NAT64 with less NAT44
I wanted to explore NAT64,
primarily by not relying on any NAT44 but instead using NAT66, with a pile of reasons:
- Not having to reserve a block of private IPv4 just for NAT64
- Not having to track state in the NAT64 adapter, so more reliable.
- Maybe easier to secure because of less state involved.
The NAT44 based implements work like thus:
- 2001:db8:d0be:f00d:aede:48ff:fe23:4567 wants to talk to 64:ff9b::203.0.113.1 on the internet.
- NAT64 rewrites as from some private pool IPv4 such as 192.168.208.190 and keeps the "to" 203.0.113.1
- NAT44 translates as from 198.51.100.1 and to 192.0.2.1
The state tracking happens when NAT64 has to deal with addresses outside of 64:ff9b::
Instead, with a NAT66 based implentation, the story goes like this.
- 2001:db8:d0be:f00d:48ff:fe23:4567 wants to talk to 64:ff9b::203.0.113.1 on the internet.
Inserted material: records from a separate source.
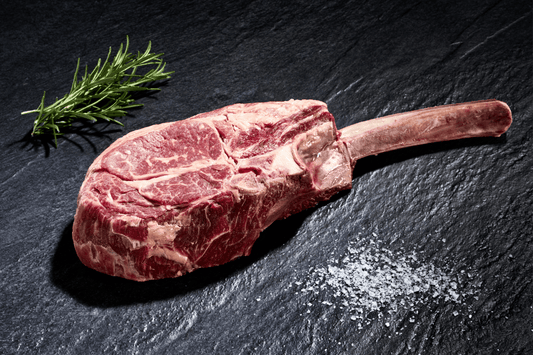 Spanien Angus Cebon Tomahawk Steak vom Nacken - fleisch.de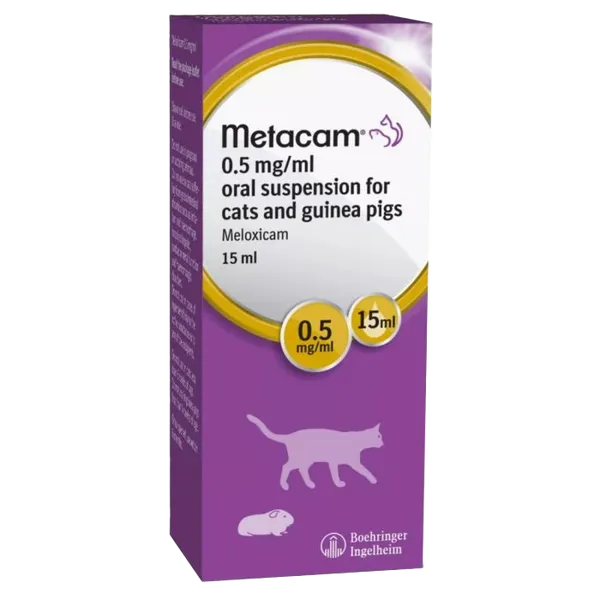 Metacam Oral Suspension for Cats 0.5mg/ml 15ml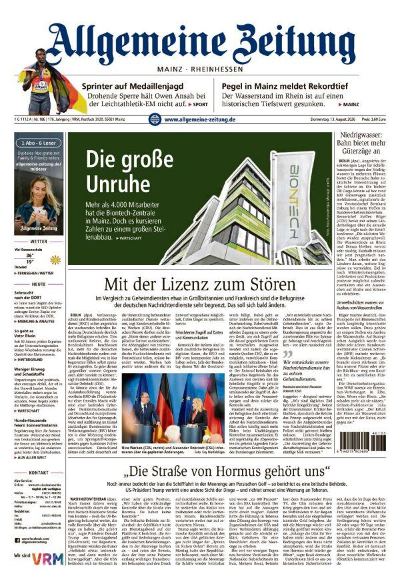 Allgemeine Zeitung Mainz - Rheinhessen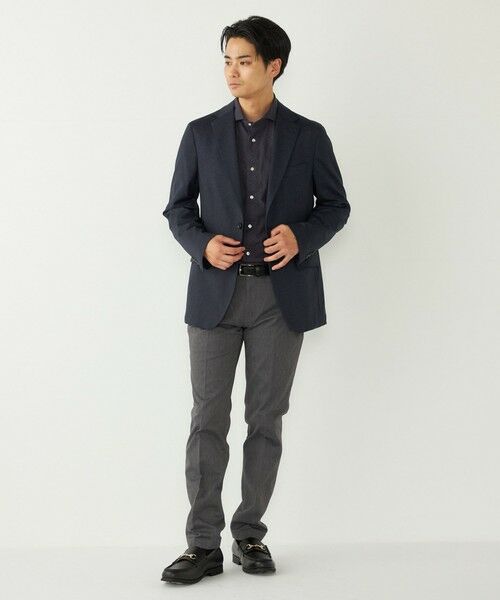 SHIPS / シップス シャツ・ブラウス | SHIPS Colors:コットン フランネル 小紋柄 プリント ワイドカラー シャツ | 詳細23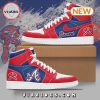 Atlanta Brave MLB Team Air Jordan 1 Hightop Sneakers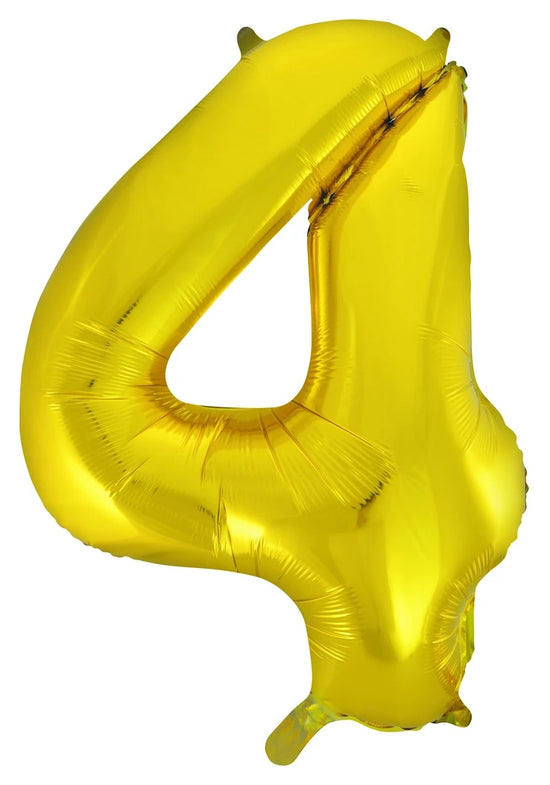 Giant Gold 86cm Helium Balloon Numbers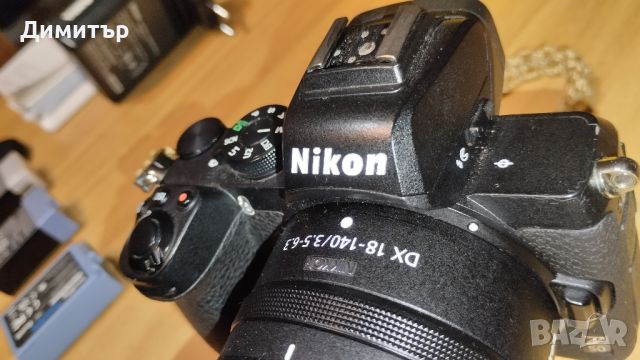 Nikon Z50 Nikkor 18-140, снимка 2 - Фотоапарати - 45919252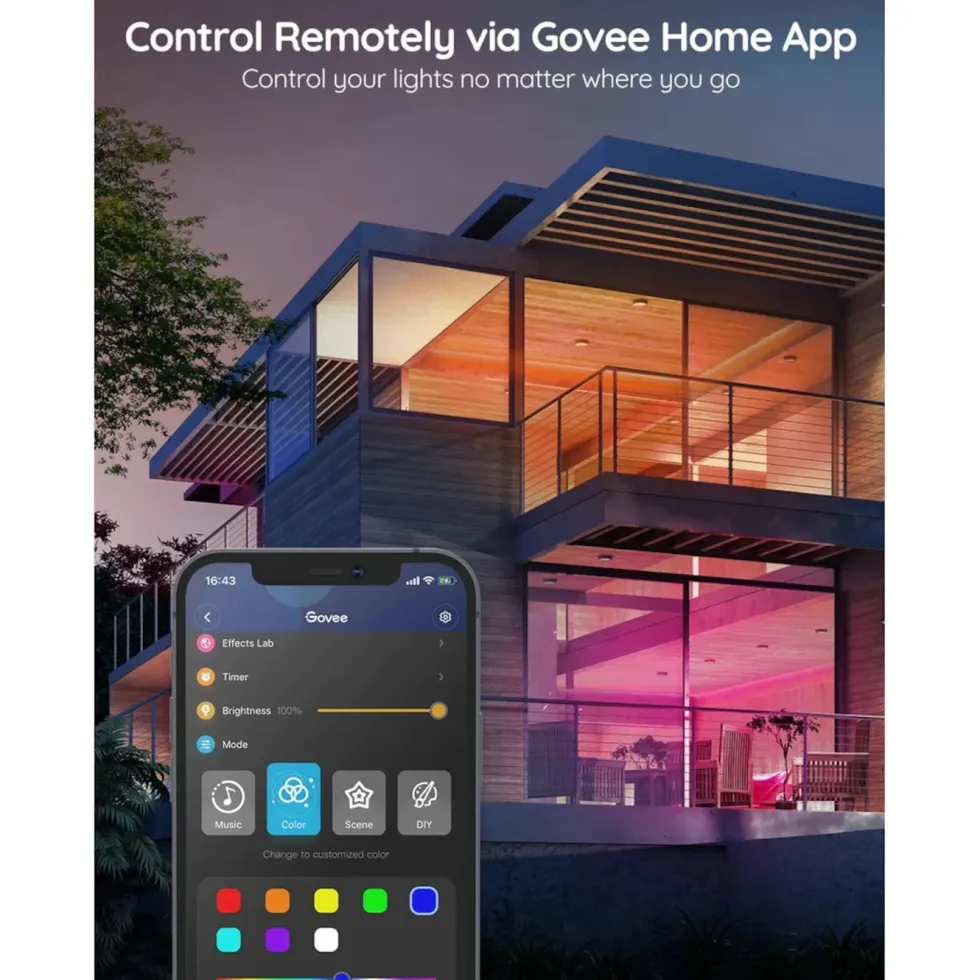 Govee RGB Smart LED-list med wifi og Bluetooth 5 m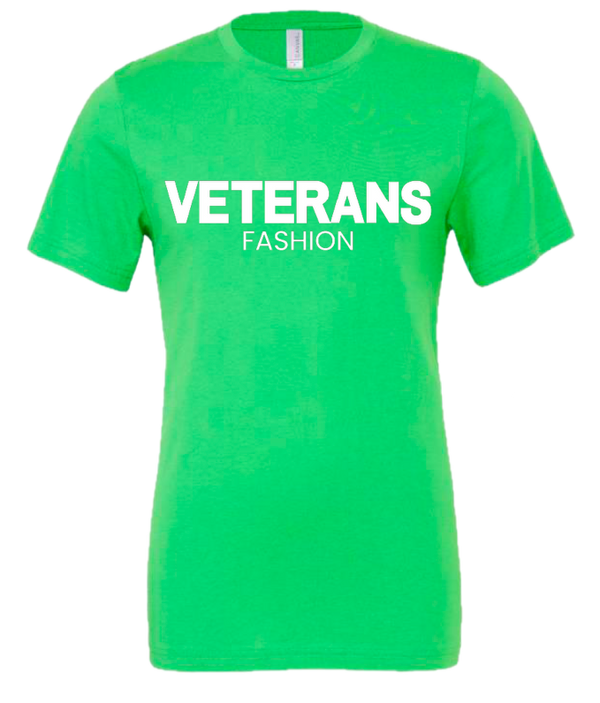 Unisex Veterans Fashion Jersey Tee - Small / Synthetic Green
- NAT66 translates as from 64:ff9b::198.51.100.1 and to 64:ff9b::203.0.113.1
- NAT64 rewrites, statelessly, as from 198.51.100.1 and to 203.0.113.1
Whilst the NAT66 is itself not stateless, this is core kernel code and is visible in conntrack
It could then even be possible to migrate filtering in a host to IPv6 and deal with transit as NAT46, then NAT66 and finally NAT64.
Static NAT66 mappings can be more pleasant, like for multicast nat.
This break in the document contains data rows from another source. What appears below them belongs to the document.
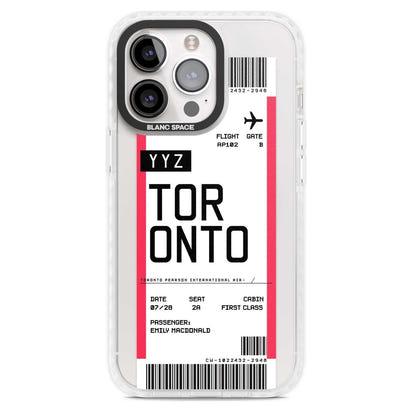 Personalised Toronto Boarding Pass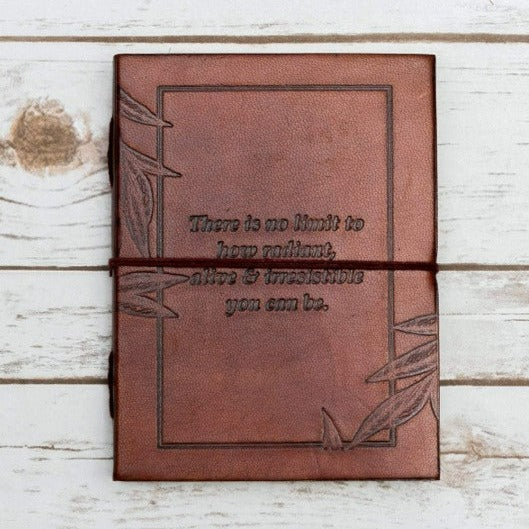 "No Limit" Leather Journal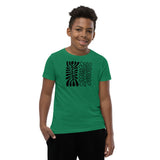 Youth Motivational T-Shirt "Abstract Leaf" Customized Youth Short Sleeve Unisex T-Shirt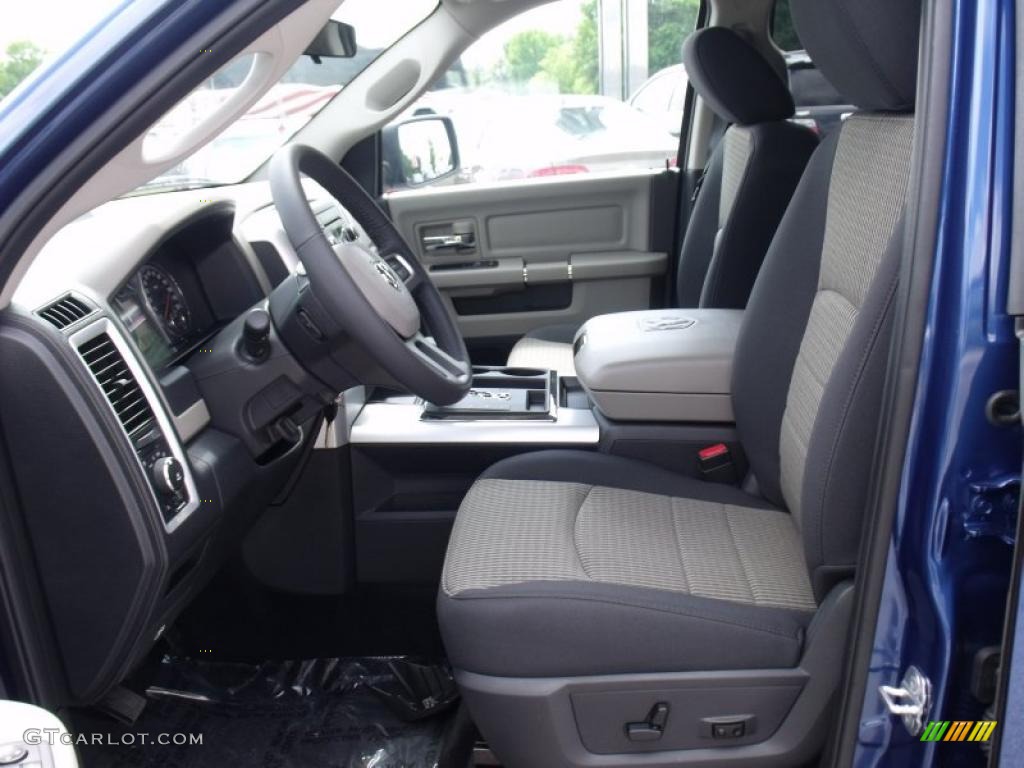2011 Ram 1500 Big Horn Crew Cab - Deep Water Blue Pearl / Dark Slate Gray/Medium Graystone photo #12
- 2001:db8:d0be:f00d:aede:48ff:fe23:4567 wants to emit multicast to ff3e:40:2001:db8:d0be:f00d:d09e:f00d
- NAT66 translates as from 64:ff9b::198.51.100.1 and to 64:ff9b::234.203.0.113
- NAT64 rewrites as from 198.51.100.1 and to 234.203.0.113
If I was going to rewrite NAT64, also gettitg this inside linux without a taint for performance, rather than outside as before.
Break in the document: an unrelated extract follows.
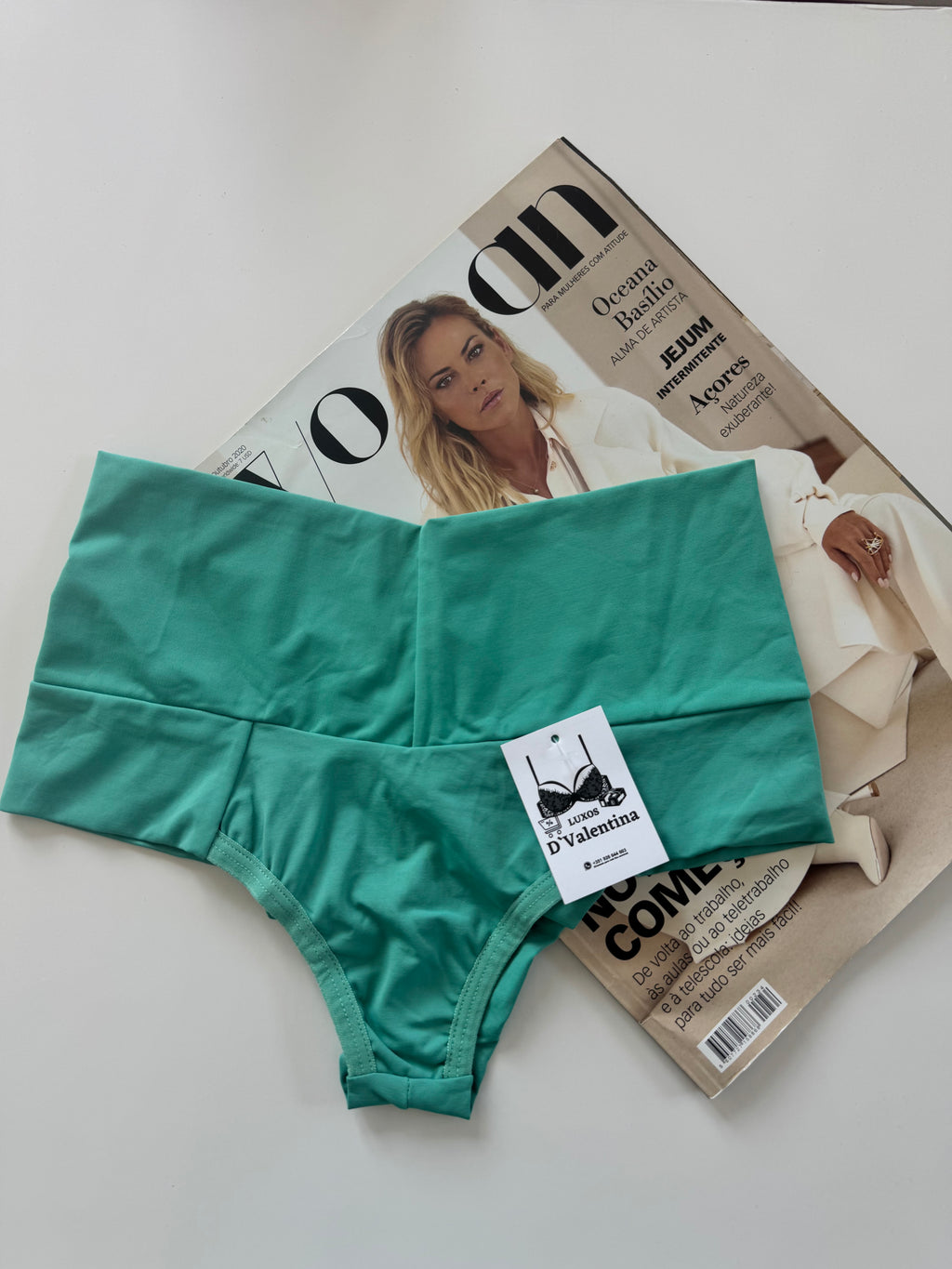 🇧🇷Calcinha Jake Cintura Alta Fio Duplo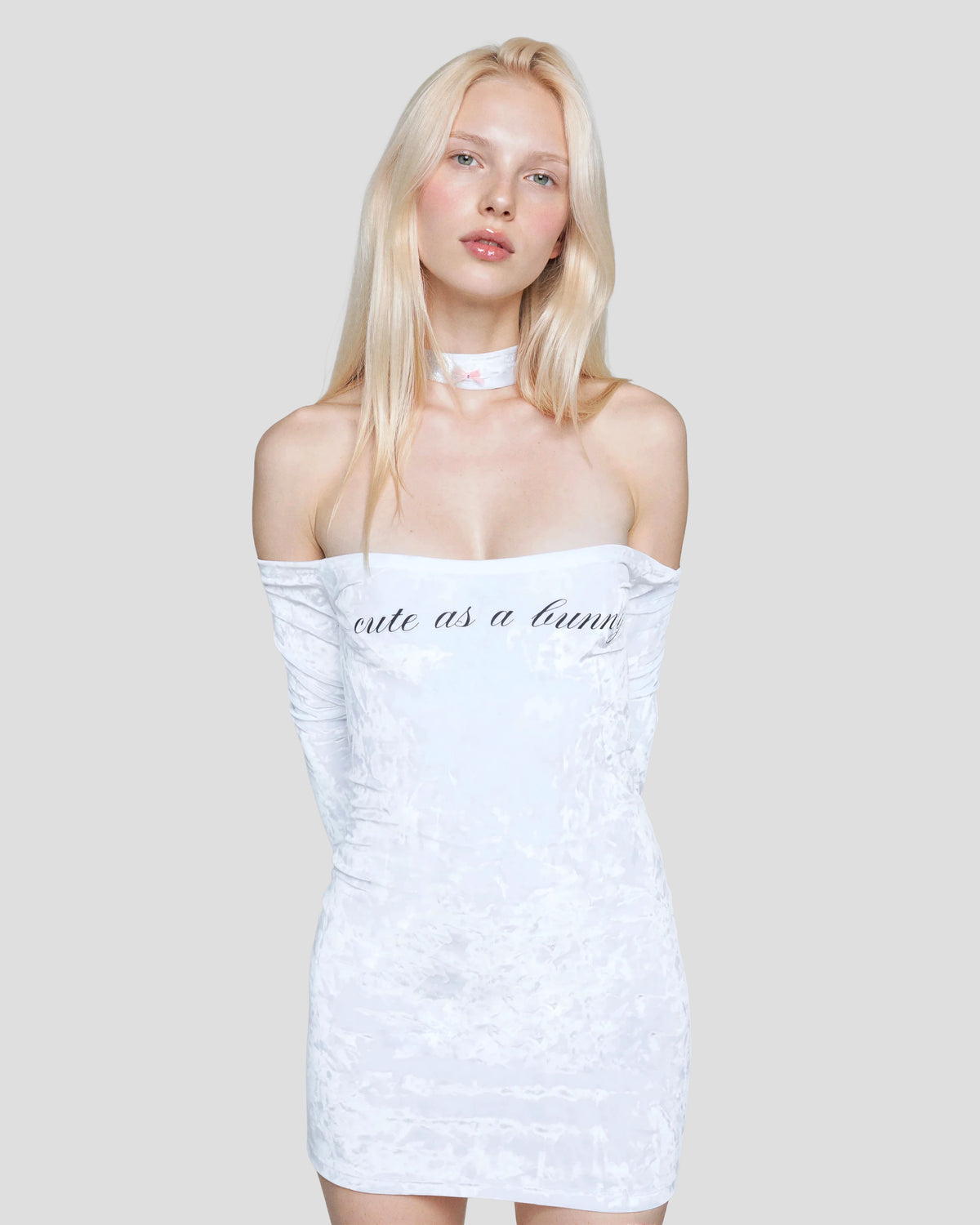 Cute as a Bunny Heavenly Dress in Cloudy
Adding NAT64 to linux without a taint needed to use BPF, so I found out information how to do that, and unfortunatly with no complete working module, so had a go at reconstructing a module.
Have got most things working except the checksums, fortunatly the kernel can do that already although a small performance improvement could be had by putting that in the nat64. There is another NAT44 based implementation.
And there is something on this topic in android
NAT64 Research steps
BPF is composed in nat64.c
Compile it, as it says in tc-bpf
- clang -O2 -emit-llvm -c nat64.c -o - | llc -march=bpf -filetype=obj -o nat64.o
Setup a test environment:
- ip link add za type veth peer name zb
- ip link set dev zb addr 02:00:00:00:00:0b
- ip neigh add 192.168.2.1 lladdr 02:00:00:00:00:0a dev zb
- ip neigh add 192.168.2.2 lladdr 02:00:00:00:00:0b dev za
- ip neigh add 64:ff9b::c0a8:202 lladdr 02:00:00:00:00:0b dev za
- ip neigh add 64:ff9b::c0a8:201 lladdr 02:00:00:00:00:0a dev zb
- tc qdisc replace dev za root prio
- tc qdisc replace dev zb root prio
- tc filter del dev za
- tc filter del dev za ingress
Early in experimention I had used mirred but gather nat64 can work without that:
- #tc filter add dev za matchall action mirred egress mirror dev zb action bpf obj /usr/src/bpf/nat64.o
(re)load the BPF code, onto za, and push the supplimentary csum module to correct the various checksums.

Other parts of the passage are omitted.